What is Massage?
Massage is a therapeutic treatment modality which can be used as part of the holistic management of a range of musculoskeletal conditions. It involves the use of the therapists’ hands, forearms and elbows to apply a variety of techniques, using varied levels of pressure, to manipulate soft tissues such as the muscles and fascia.
Benefits of Massage
Massage can assist in promoting physical and mental wellbeing by:
- Reducing muscle tension
- Increasing blood flow, improving the delivery of oxygen and nutrients to the cells
- Increasing the flow of lymphatic fluid within the lymphatic system, improving the systems role in maintaining immunity
- Promoting relaxation through the release of endorphins
- Improving sleep
- Increasing joint range of motion and muscle flexibility
- Reducing stress and anxiety
Types of Massage
Are you confused by the various terms used to describe the different types of massage, or unsure of which type of massage is best suited to you? The best person to ask is your therapist, however the following guide may be helpful:
Relaxation massage is suited to individuals who are feeling generally tired and fatigued, or need to de-stress physically or mentally. A relaxation massage can assist in promoting general wellbeing, by promoting relaxation, reducing muscle tension, and improving circulation and lymphatic drainage. It is typically performed over a larger area of the body (e.g. full body, or head/neck/shoulders), and consists of long, flowing strokes at the individuals chosen level of pressure.
Remedial massage is suited to individuals with a specific area of pain or muscular tension. It involves a thorough patient consultation and physical assessment to determine the potential source/s of, and contributors to, pain and muscular dysfunction, and uses a variety of treatment techniques to target these specific areas. Treatment techniques may include myofascial release, deep tissue massage, trigger point therapy, dry needling, muscle energy techniques, and stretching.
Sports massage isn’t just for athletes, it is suited to any individual who spends large amounts of time placing their bodies under physical demand, whether it be via sport or their occupation. The primary aim of sports massage is to assist in:
- Managing current injuries
- Enhancing physical performance
- Minimising the risk of injury during activity
- Assisting in recovery and tissue repair post-activity
This is achieved primarily through increased circulation and lymphatic flow, and improved joint range of motion and muscle flexibility. The assessment and treatment techniques performed during a sports massage consultation are similar to remedial massage, but are generally applied with a firmer/deeper level of pressure.
Physiotherapist vs. Massage Therapist- Who Should I See?
Massage is a treatment modality used by both physiotherapists and remedial massage therapists- so who should you see for your issue?

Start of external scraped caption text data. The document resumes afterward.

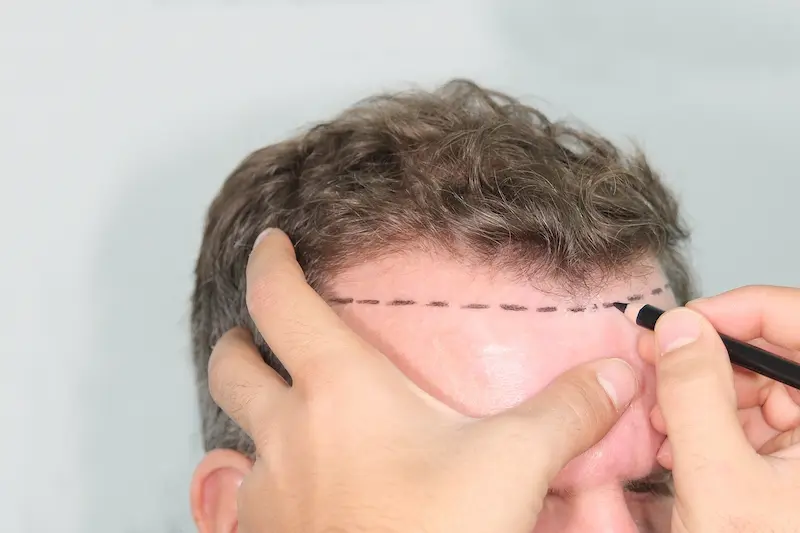 Hair Transplant in Turkey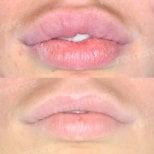 Before and after lip reduction results at Memorial Şişli Hospital, improved lip contour
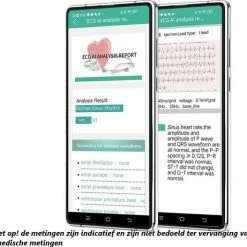 Goedkoop 🛒 Belesy® MARS - Smartwatch Dames - Smartwatch Heren - Horloge - Bloeddruk - ECG - Stappenteller - 1.3 Inch - Kleurenscherm - Full Touch - Zilver - Staal - Schakel 🔔 30 Goedkoop 🛒 Belesy® MARS - Smartwatch Dames - Smartwatch Heren - Horloge - Bloeddruk - ECG - Stappenteller - 1.3 Inch - Kleurenscherm - Full Touch - Zilver - Staal - Schakel 🔔 -Sieraden-horloges Winkel 550x527 3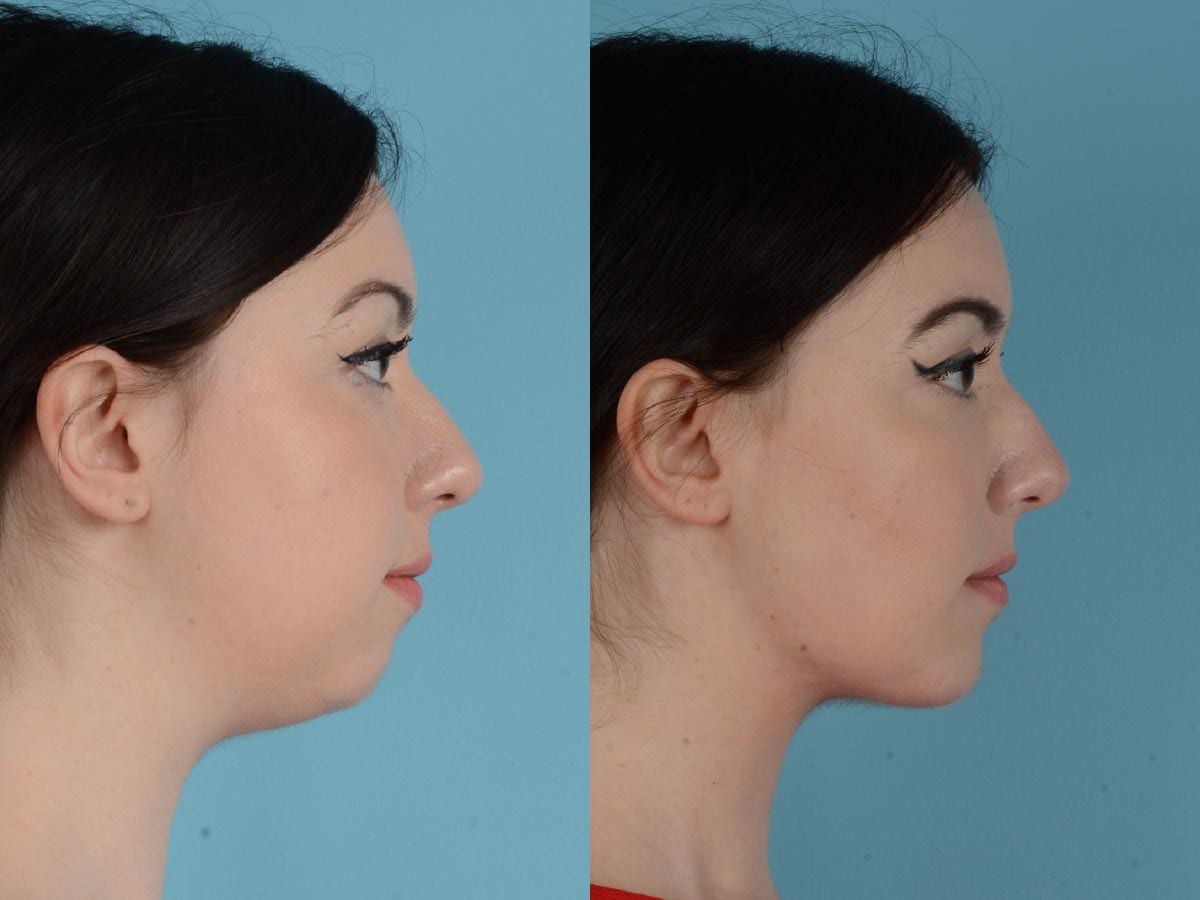 Profile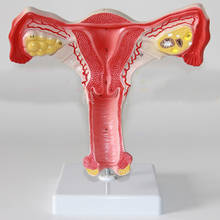 Modelo anatómico ovario uterino de OBSTETRICIA Y GINECOLOGIA 2024 - compra barato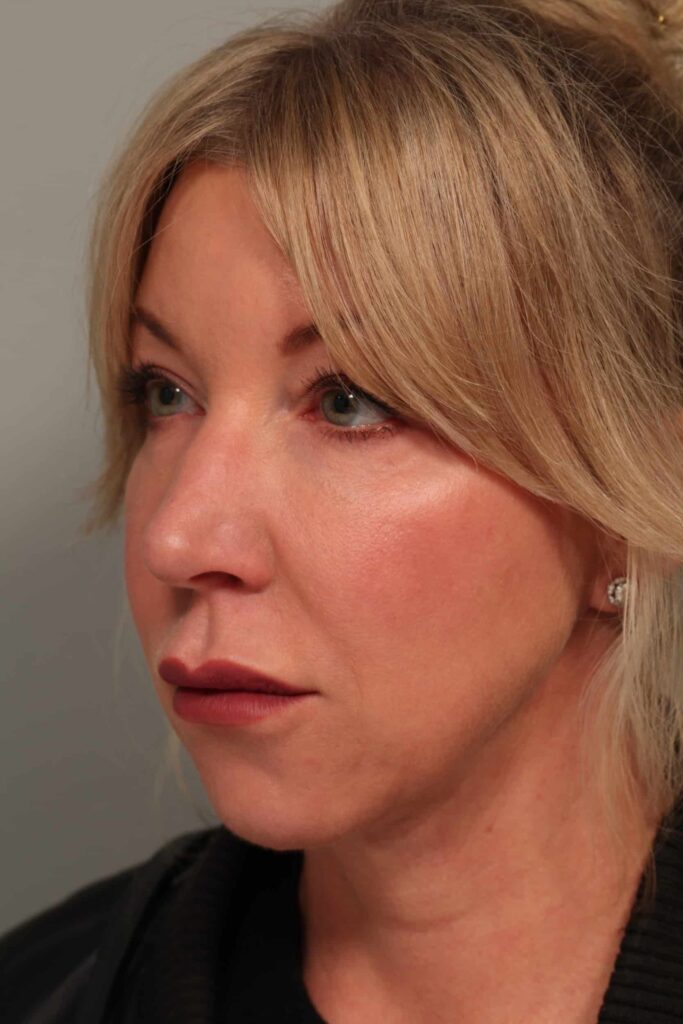 54-After-angle-facetite-neck-lipo-Morpheus8-Restylane-lower-lids-scaled
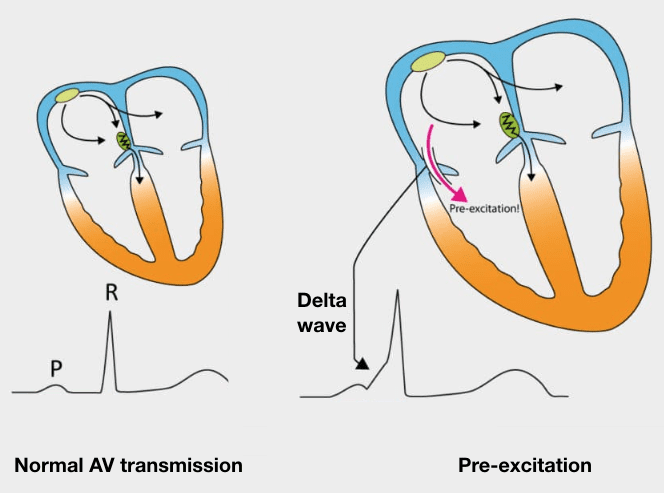 Wolff-Parkinson-White syndrome with short PR and delta wave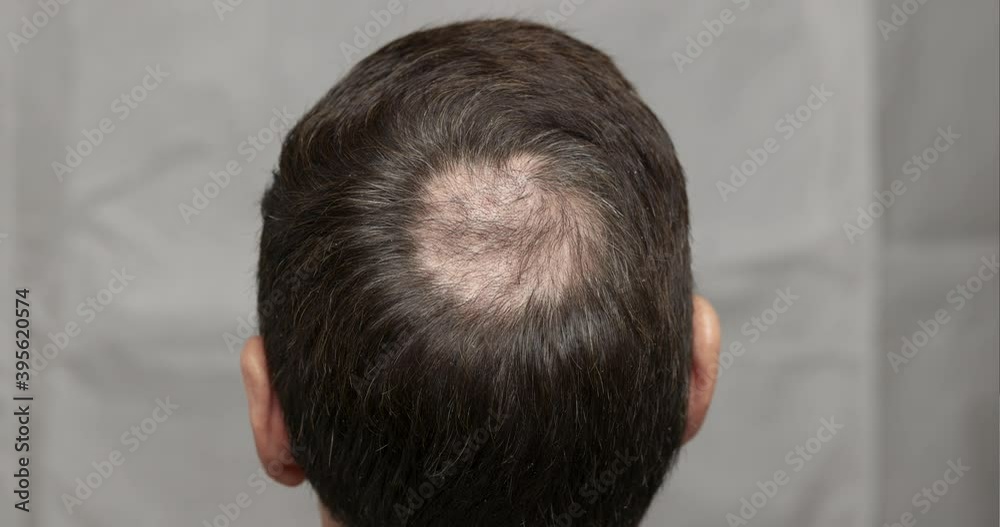 Man with hair loss problems close-up. Alopecia balding hairs on man scalp. Human alopecia or hair loss - adult person hand pointing his bald head. Scratching his head. Baldness. Depression. Man with hair loss problems close-up. Alopecia balding hairs on man scalp. Human alopecia or hair loss - adult person hand pointing his bald head. Scratching his head. Baldness. Depression.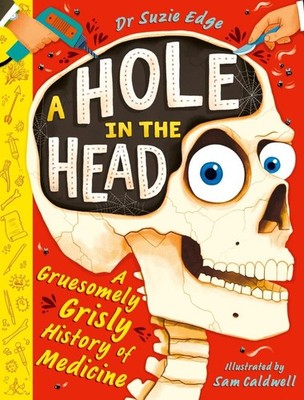 A Hole in the Head: A gruesomely grisly history of medical firsts by Suzie Edge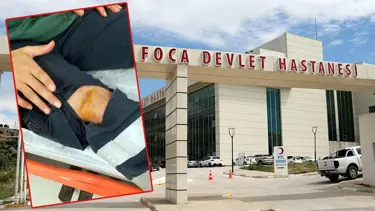 Sağlık çalışanının dizine makas sapladı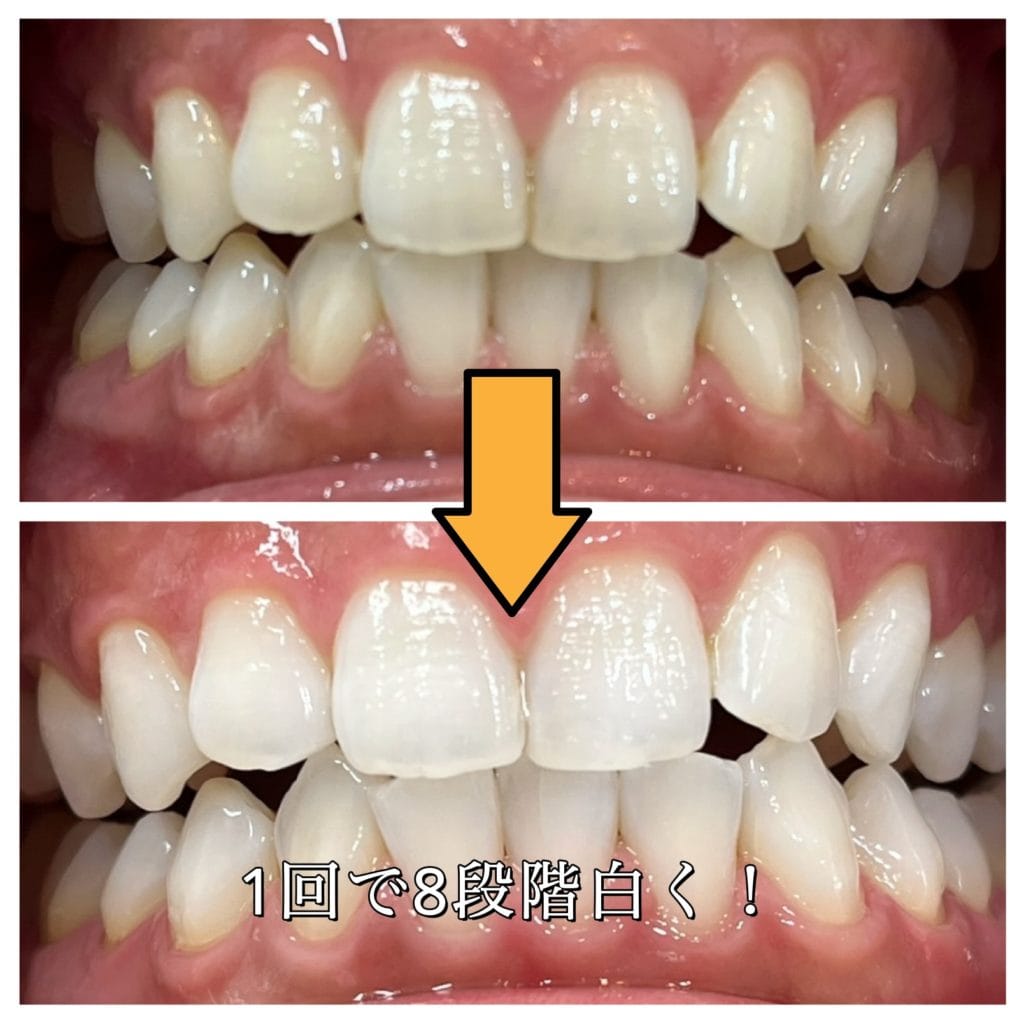 マイスタープラスホワイトニングを受けた患者のビフォーアフター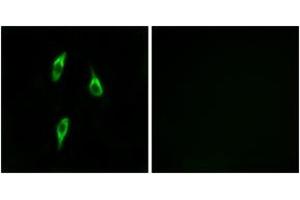 Immunofluorescence analysis of LOVO cells, using OR51B2 Antibody. (OR51B2 anticorps  (AA 196-245))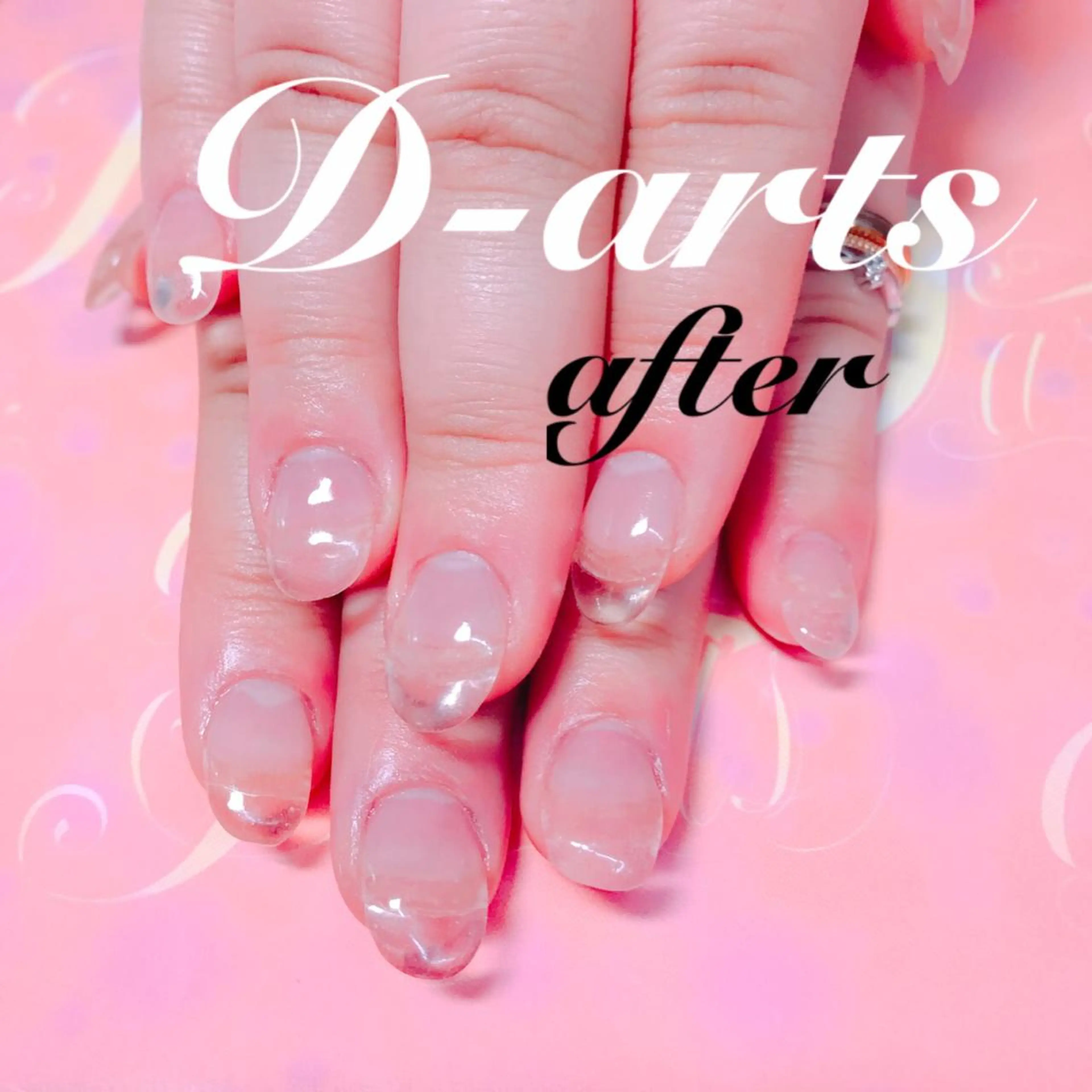 ネイル 長さ出し S&S 村田小百合のネイルデザイン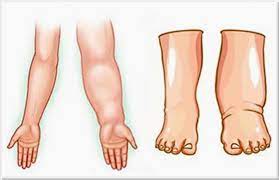 Linfedema.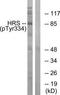 Hepatocyte Growth Factor-Regulated Tyrosine Kinase Substrate antibody, TA312170, Origene, Western Blot image 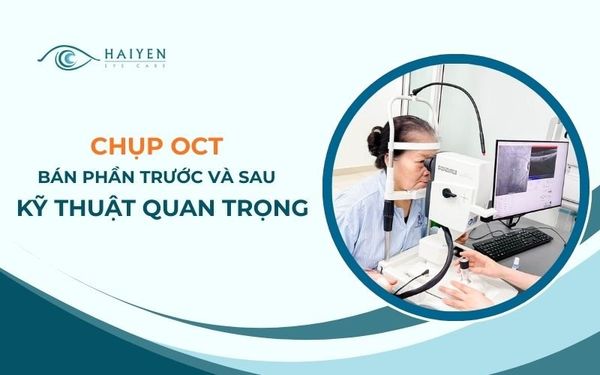 Chụp OCT Bán Phần Trước Và Sau, Đánh Giá Giác Mạc – Võng Mạc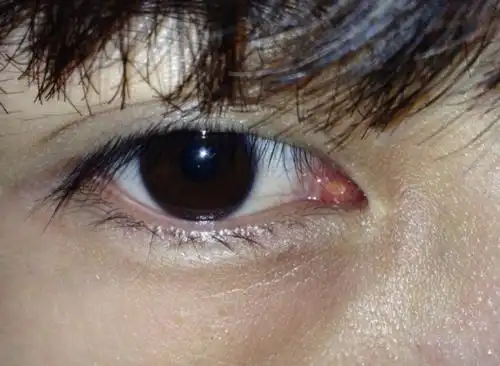 请问我内眼角里长的红色肉疙瘩是什么东西?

In general terms, if you’re feeling tired and fatigued, feeling stressed, or are experiencing general increased muscle tension- remedial massage therapists are the best people to provide you with the relief you need.
It is best to see a physiotherapist if you have:
- A specific area of pain, that is
- an acute injury, or one which has gradually developed and you are unsure why/how it has developed, and
- the source of your pain has gone undiagnosed
A physiotherapist will provide you with a diagnosis and prognosis, determine the contributing factors to your condition, and to place you on an individualised management plan to address these factors. Massage may be considered part of a broader, more holistic management plan- which may be performed by the physiotherapist as part of your consultation, or they may refer you to a remedial massage therapist if they believe you would benefit from a stand-alone consultation.
At Wanneroo Physiotherapy, our physiotherapists and remedial massage therapists work closely together to provide you and your family with the highest quality, evidence based clinical care. Our remedial massage therapists Sheldon Griffiths and Pia McEvoy join us having completed extensive training to achieve their qualifications, each with extensive clinical experience. They are registered members of their professional associations, Massage and Myotherapy Australia and the Association of Massage Therapists respectively, and have professional indemnity insurance.